MarkLogic Replication Failures: Understanding and Fixing XDMP-OLDSTAMP Errors - Hero image

MarkLogic Replication Failures: Understanding and Fixing XDMP-OLDSTAMP Errors

If you’ve administered a MarkLogic cluster for any length of time, you’ve almost certainly encountered this error in your logs:

XDMP-OLDSTAMP: Timestamp too old for forest Forest-12
(17738307661246550 < 17738307936721930; 17738389937472340)

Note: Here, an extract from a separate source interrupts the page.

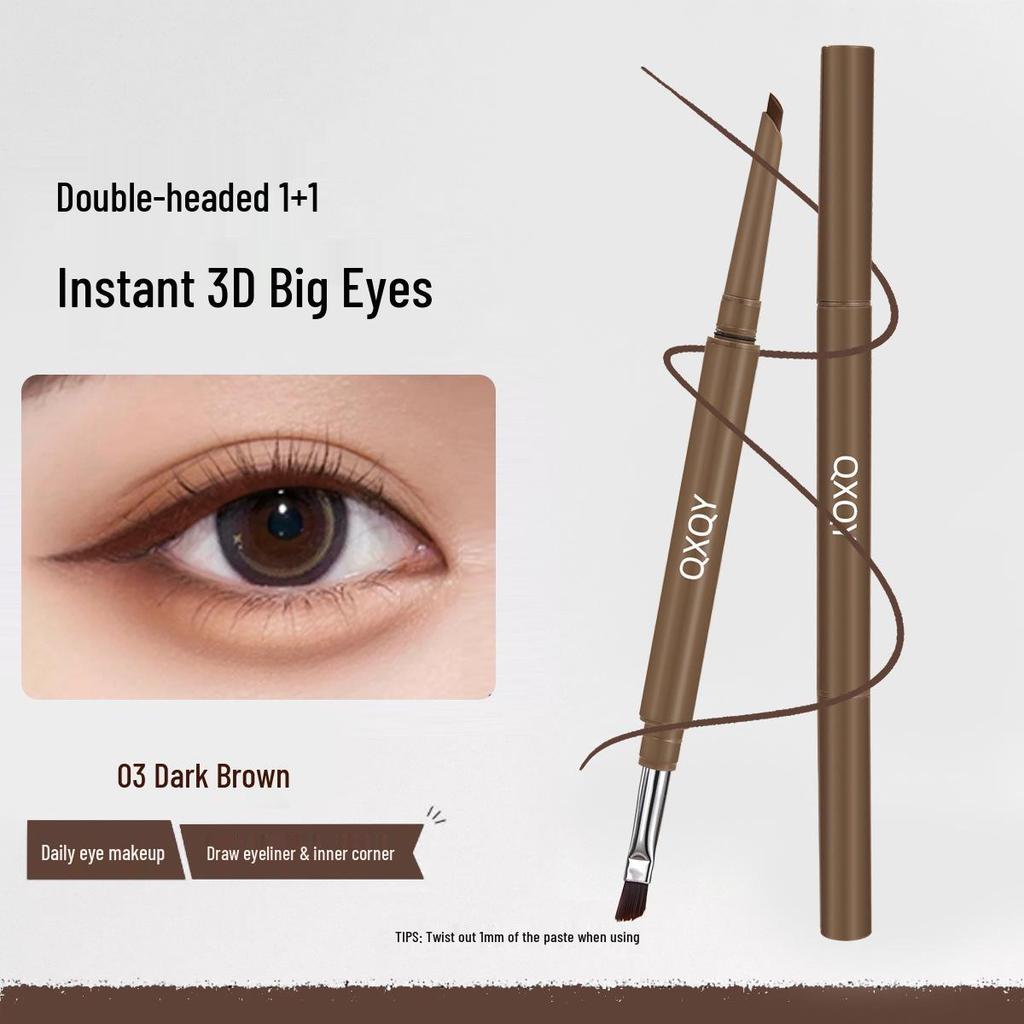 Double-Ended Waterproof Eyeliner Pencil: Smooth, Long-Lasting, Smudge-Proof, Easy for Beginners.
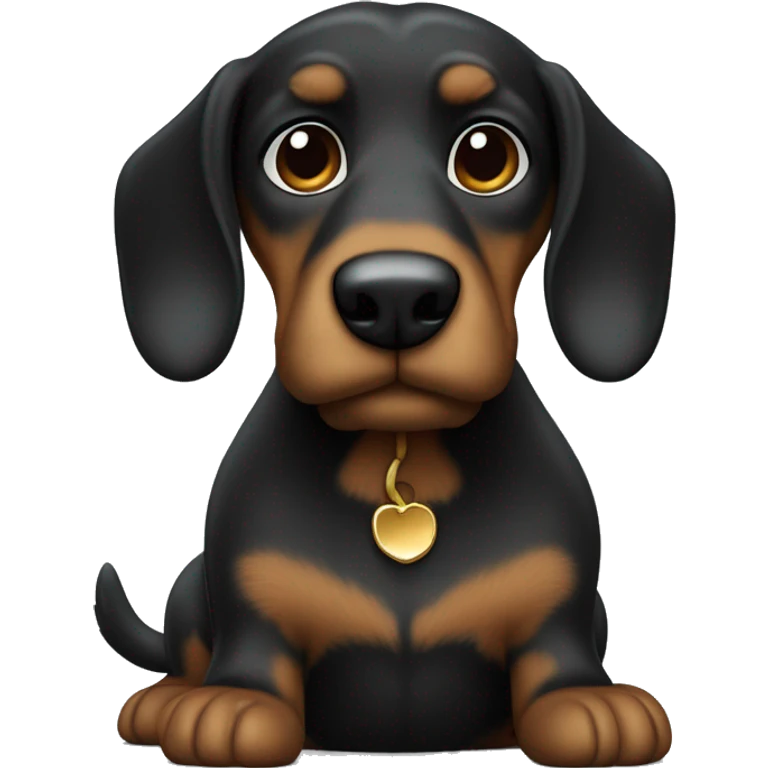 Schwarzer Dackel mit Teddybär  emoji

When it appears, the replica forest goes unavailable. If you have local failover configured, read queries silently redirect back to the primary — you’ve lost your read scalability and redundancy without necessarily realising it. If you don’t have failover configured, queries against the replica simply fail. Either way, your carefully planned high-availability architecture is suddenly running on one leg. This post explains what the error means, how to recover from it, and — more importantly — how to stop it from happening again.

What XDMP-OLDSTAMP Actually Means

Every transaction in MarkLogic operates against a point-in-time snapshot identified by a timestamp. These timestamps are monotonically increasing numbers that represent the state of a forest at a specific moment. When the primary forest writes new data and merges stands, it advances its timestamp. The replica must keep pace.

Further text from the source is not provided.